Diversity & Inclusion

Marginalized high school students are avoiding college for mental health reasons

In a new report, nearly a third of high school students, especially LGBTQ and Black students, say they aren’t ready for college, citing mental health struggles.

Ben Franklin High School and SLA High School in Philadelphia (Imagic Digital/Mark Henninger)
Planning for college is stressful for any high school student. For some, that stress goes beyond worrying about getting accepted to their top choice school — it could deter people from attending college entirely.

A recent study, “Mental Health Challenges and their Impact on College Readiness,” by EAB’s Appily college resource platform, surveyed 6,330 students in grades 9-12 and found that not only do mental health issues impact the majority on a regular basis (58.8%), nearly a third (28%) cited mental health concerns as a reason they may choose not to attend college.

This is especially true for vulnerable populations — 54% of trans students and 53% of nonbinary students reported mental health concerns may lead them to delay college or not attend at all; 33% of Black students and 30% of Native American students reported the same.

A man with glasses and long hair smiling for the camera.

Dr. Eric K. Layland (Courtesy)

Dr. Eric K. Layland, an assistant professor in the Department of Human Development and Family Sciences at the University of Delaware, where he specializes in LGBTQ developmental research, is familiar with these kinds of numbers.

“Mental health issues and suicide ideation are higher among LGBTQ teens and young adults compared to their cisgender heterosexual peers, so this issue of elevated mental health being a challenge for LGBTQ young people is not a new issue for folks who work with LGBTQ youth,” Layland told Technical.ly.

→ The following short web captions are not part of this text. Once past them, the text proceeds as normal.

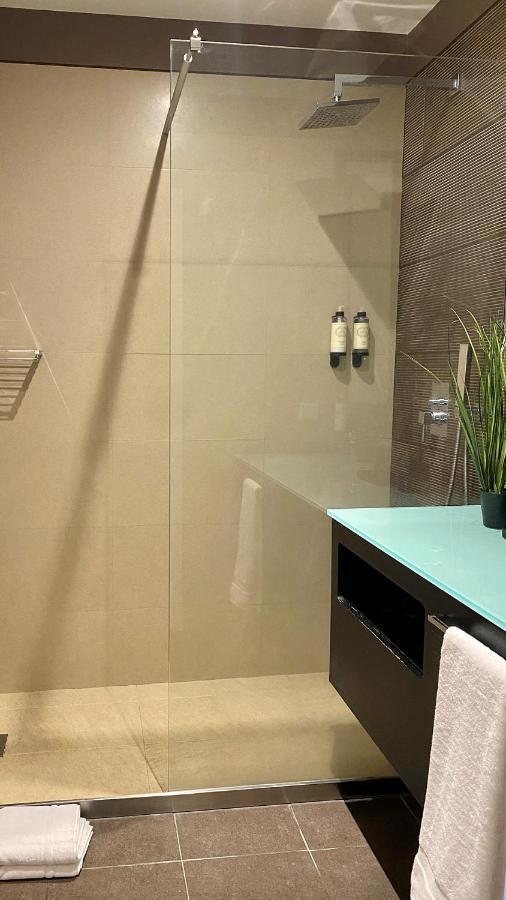 Casa Ideal Para Familias Com Vista Mar Desafogada 푼샬 외부 사진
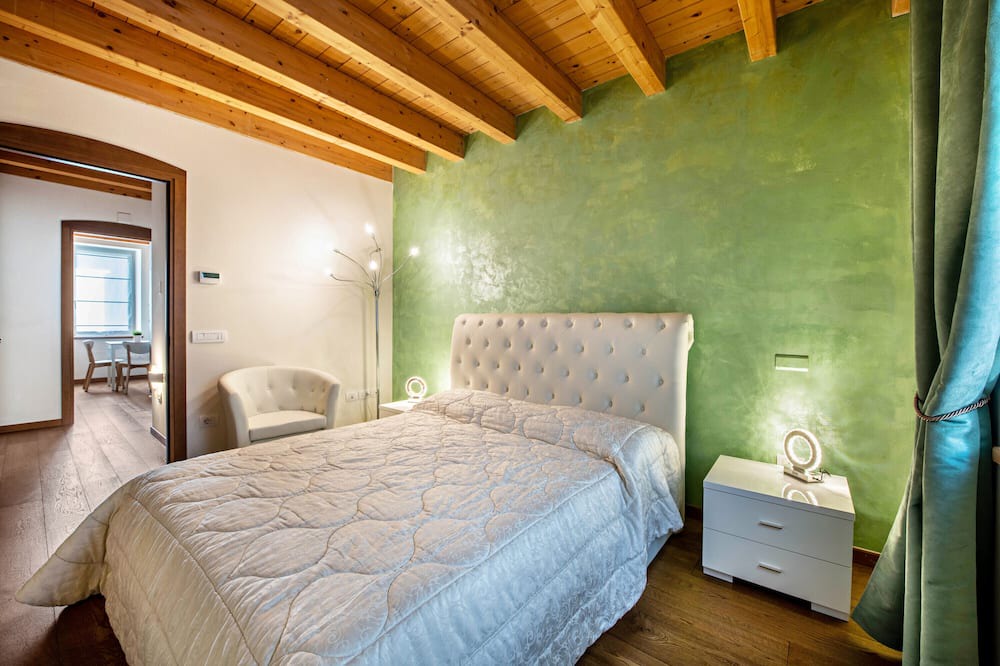 Photo of Bedroom in Negrar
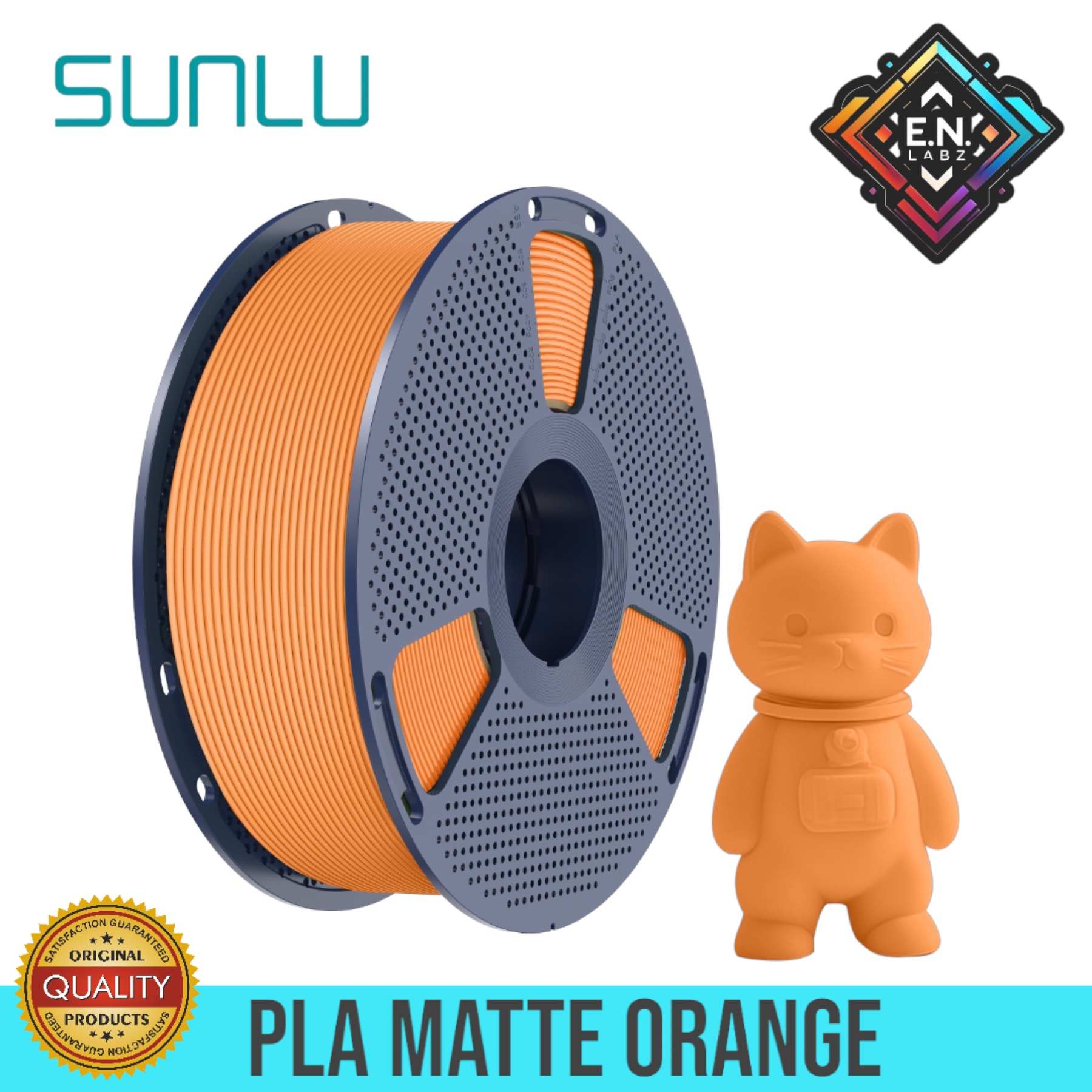 PLA Matte 8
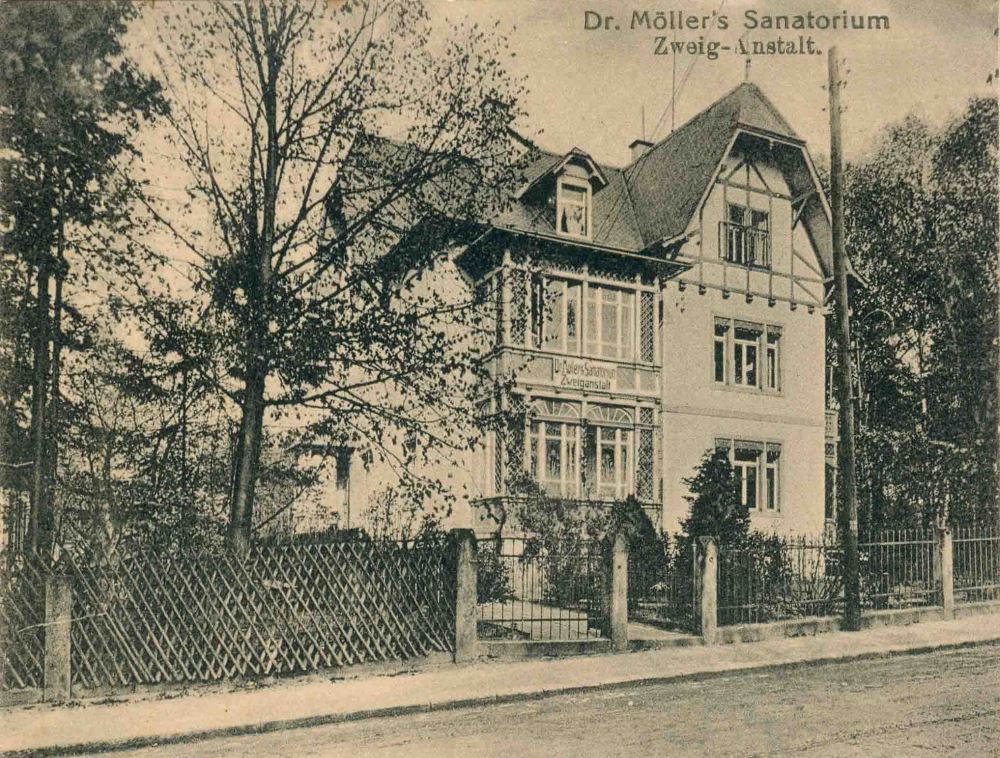 Ulrichstraße 27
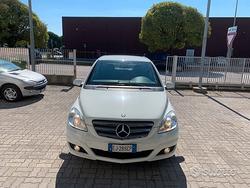 Mercedes B180 euro5 2.0 cdi cv110 km125000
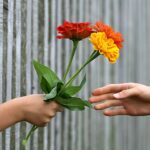 Why Loving and Giving Cannot Be Separated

For a lot of trans and nonbinary students, mental health is a major deciding factor when considering college readiness, he says. That’s if college is even the right setting for them to transition into adulthood.

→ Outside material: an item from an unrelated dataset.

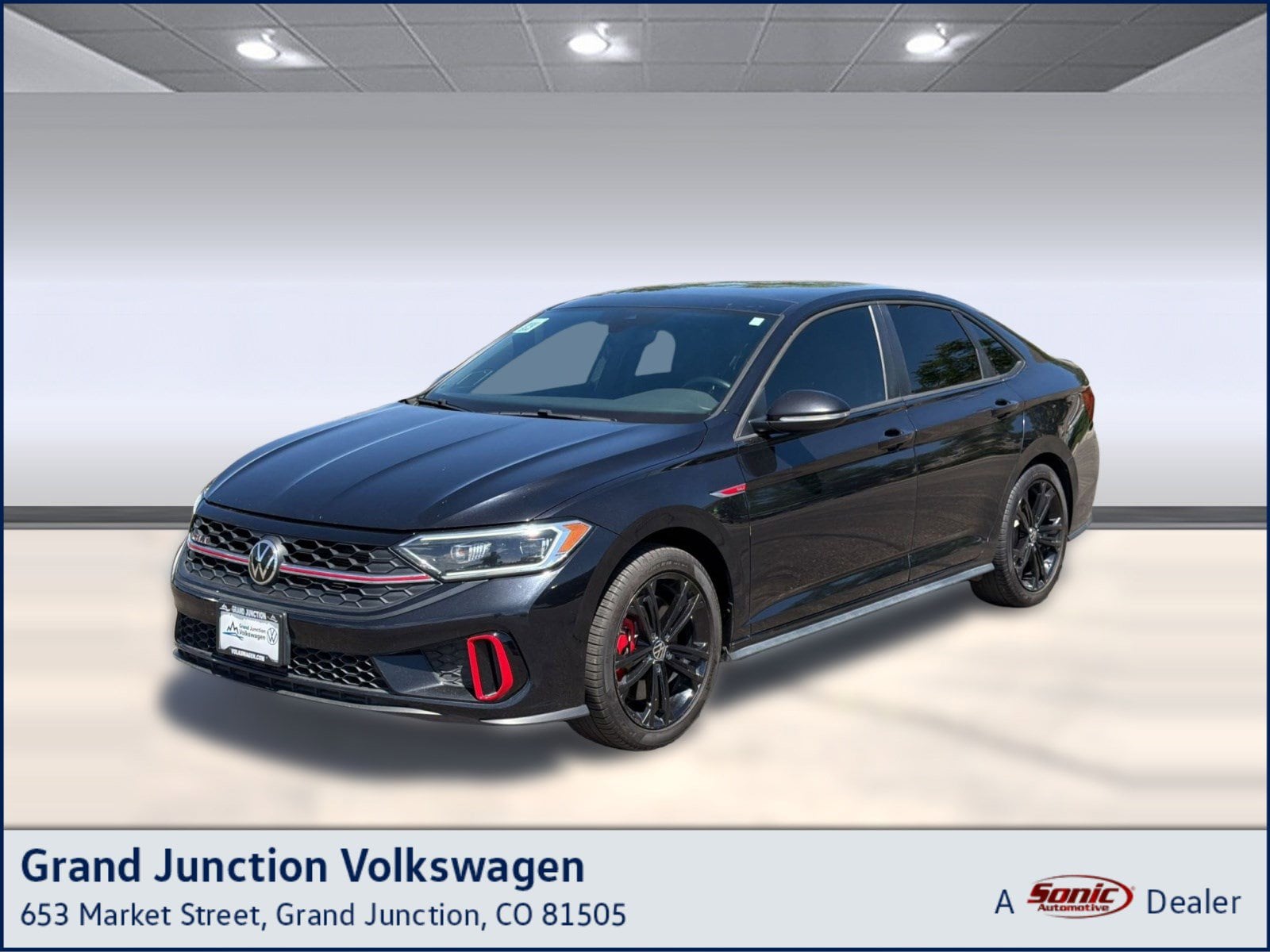 2022 Volkswagen Jetta 2.0T GLI Autobahn DSG's photo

Dr. Roderick L. Carey, an assistant professor of human development and family sciences at University of Delaware, devotes his research to the school experiences of urban Black and Latinx adolescent boys and young men, and the ways they imagine their futures. He developed PostsecondaryFutureSelves, an educational tool based on his research.

A man with a beard smiling in front of a brick walkway.

Dr. Roderick L. Carey (Courtesy)

“Black and Latinx boys find schools as places of cultural conflict between their selves and their buildings and teachers and even their peers,” Carey told Technical.ly. “Some of them are very wary of reproducing that, especially if they’re not athletes and haven’t been supported in that way.”

The pandemic is another factor, Carey says. After experiencing things like quarantines and remote schooling at a young age, many in this generation are more insular than previous generations.

“The meat of it is that students are hurting in the wake of COVID-19,” Carey said. “The kids are coming in from high school with a tremendous amount of needs.”

What colleges can do to help

Colleges, increasingly, are taking steps to address at least some of those needs — and high school students in vulnerable groups are paying attention, often using a school’s cultural, equitable and mental health offerings as criteria when selecting a college.

The organization Campus Pride, for example, evaluates all of the major colleges and universities for how inclusive they are to LGBTQ people and ranks them in their Campus Pride Index, a tool prospective college students can use to see which colleges score high ratings based on things like having an LGBTQ center, gender-inclusive housing options, gender neutral bathrooms and student life programming. It also considers whether the school offers mental health services and has staff trained to identify and deal with mental health crises in at-risk groups. (Just as importantly, there’s also a Worst List)

“One thing that’s really important for universities to consider with our growing population of LGBTQ young people is that, most likely, all faculty, all admin, all staff, whether they are mental health support or not, will be in positions where they’re interacting with LGBTQ students,” Layland said. “So considering how well faculty and staff are trained and prepared to work with LGBTQ young people is important.”

Students surveyed for the Appily report specifically look for mental health accommodations when deciding on colleges, including on-campus counseling and programs supporting social connections. The most wanted type of support — nothing else came close — is mental health sick days, something that has become increasingly common since the pandemic hit.

Still, the report indicates that there’s a long way to go.

“Colleges have to provide mental health supports — that’s not enough,” Carey said. “Colleges have to de-stigmatize mental health challenges. They have to not only offer programs, they have to connect kids to them.”

And it has to start not in college, but in K-12. Secondary education, Carey said, should be teaching students how to ask for help the way they teach any other necessary skill.

“If students aren’t flexing those muscles in high school, they’re going to fall through the cracks.”